Random forests allow you to compute a heuristic for determining how “important” a feature is in predicting a target. This heuristic measures the change in prediction accuracy, if you take a given feature and permute (scramble) it across the data points in the training set. The more the accuracy drops when the feature is permuted, the more IMPORTANT we can conclude the feature is.

## 5. UnBalanced Classes

Unbalanced classes means you have 8000 class A points and 2000 class B points, your job is to make the classifier understand how important the class B points are. One version to handle unbalanced classes is over sample( keep on sampling till you have 2 data sets that are of same size).

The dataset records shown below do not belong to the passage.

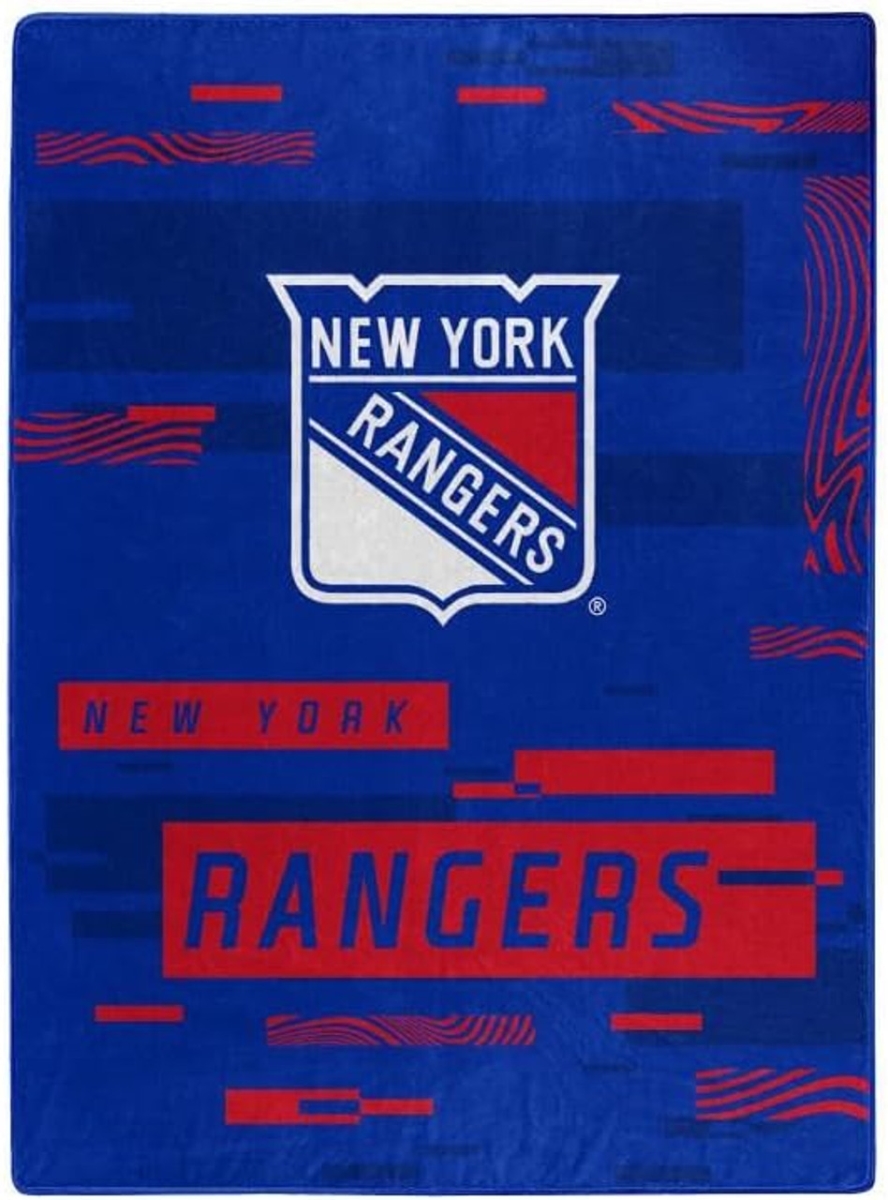 9060433381 60 x 80 in.   York Rangers Raschel Digitize Design Blanket
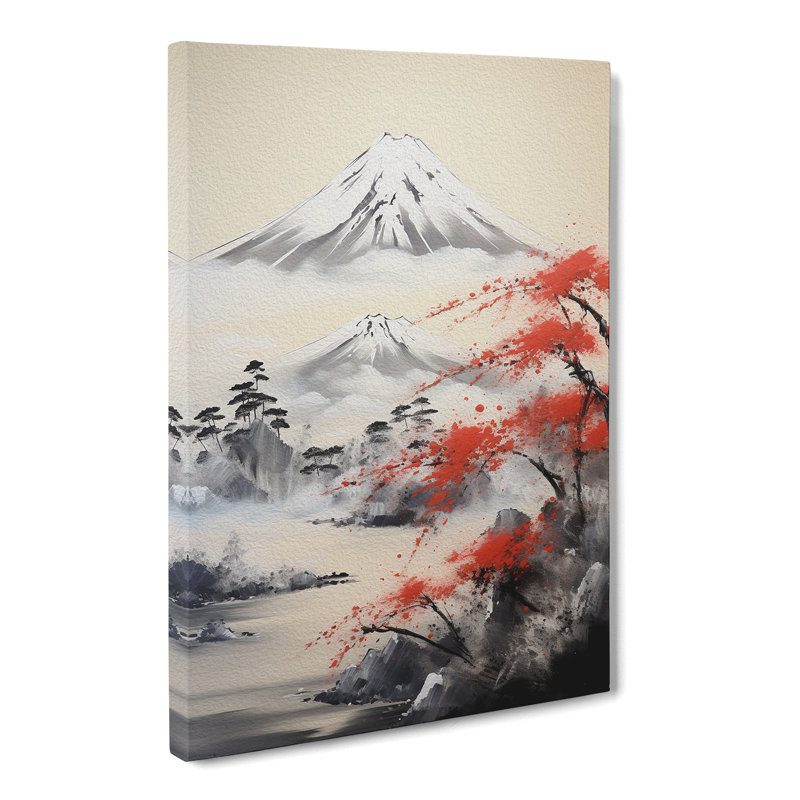 Mount Fuji Gestural Art - Wrapped Canvas, 76cm H x 50cm W x 3cm D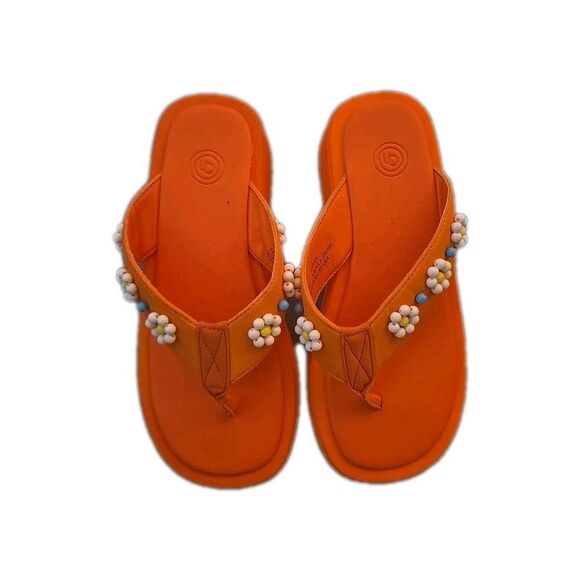 Womens Size 6 Urban Outfitters Embellished Platform Sandals Orange Beaded Flower - Picture 1 of 8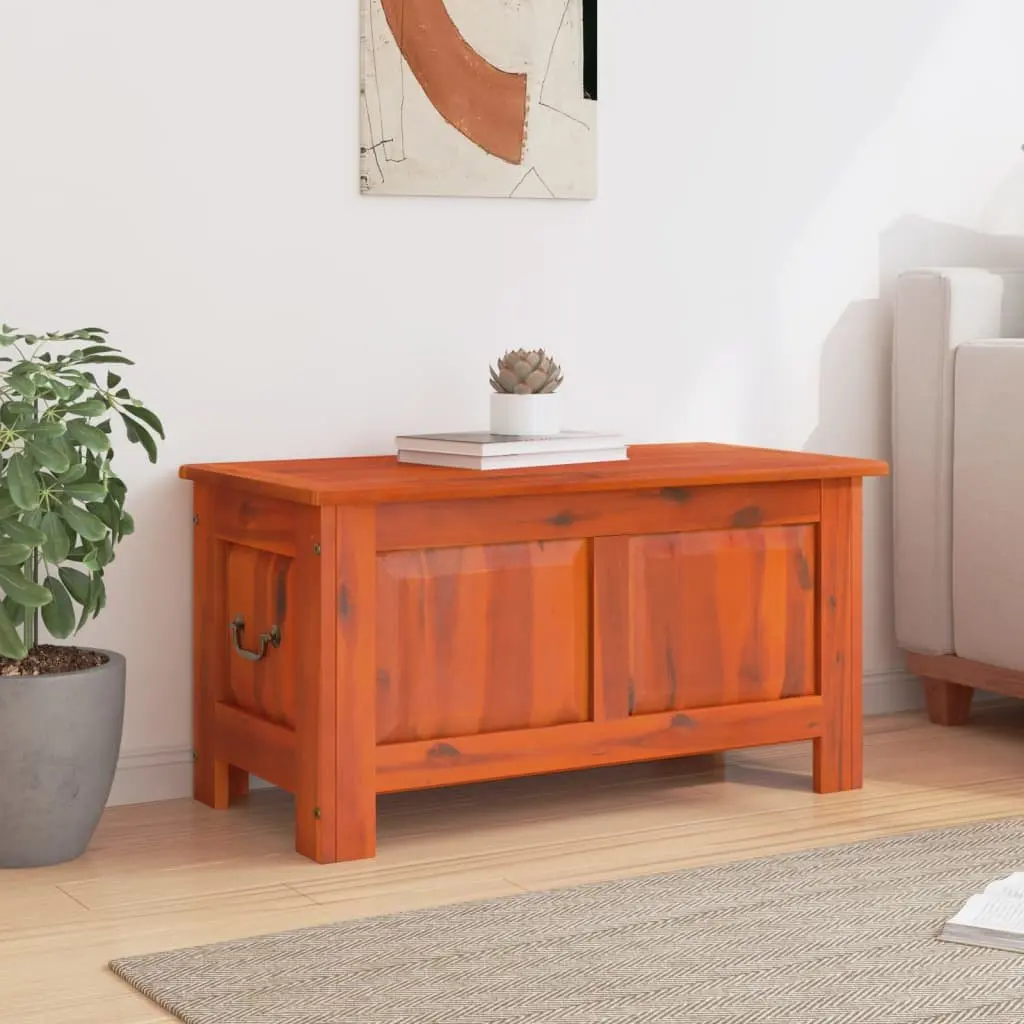 Acacia Wood Storage Chest Brown Organiser with Lid Living Space Furniture Trunk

Other option is to down sample the majority class. Random forest gives a nice solution for this, that is, you can sub sample for each tree. So that each of the trees are balanced now, in the end the algorithm has seen everything from the majority class.

## 6. Precision and Recall

Precision or recall is an evaluation metric for classification problem with skewed classes. For many applications you have to control the tradeoff between precision and recall. Consider cancer prediction example(watch coursera machine learning course week 6 video to understand cancer prediction); if you modify your hypothesis (h(x)) to 0.7 to predict cancer confidently, then you end up with a classifier that will have high precision and low recall.  In this case, if a patient has cancer, but you fail to tell them they do not have one. If you set (h(x)) to 0.3, then you have high recall and low precision. Here, your classifier may predict most of them as having cancer. For most of the classifiers there is going to be a tradeoff between precision and recall.
Is there a way to choose threshold automatically? How do you decide which of these thresholds are the best? This is where f score comes in.  F score is the harmonic mean of precision and recall. To understand more about precision and recall, please watch professor Andrew Ngs week 6 system design videos

## 7. Boosting

It is kind of an ensemble method but it does something more than averaging.  You train one classifier, you look at the results and you make correction, and you train two, you look at the results and you make corrections, and you average them with weights. One that performed really well, I want to put lot of weight on that classifier, but if the other one did not perform really well so it actually gets less weight.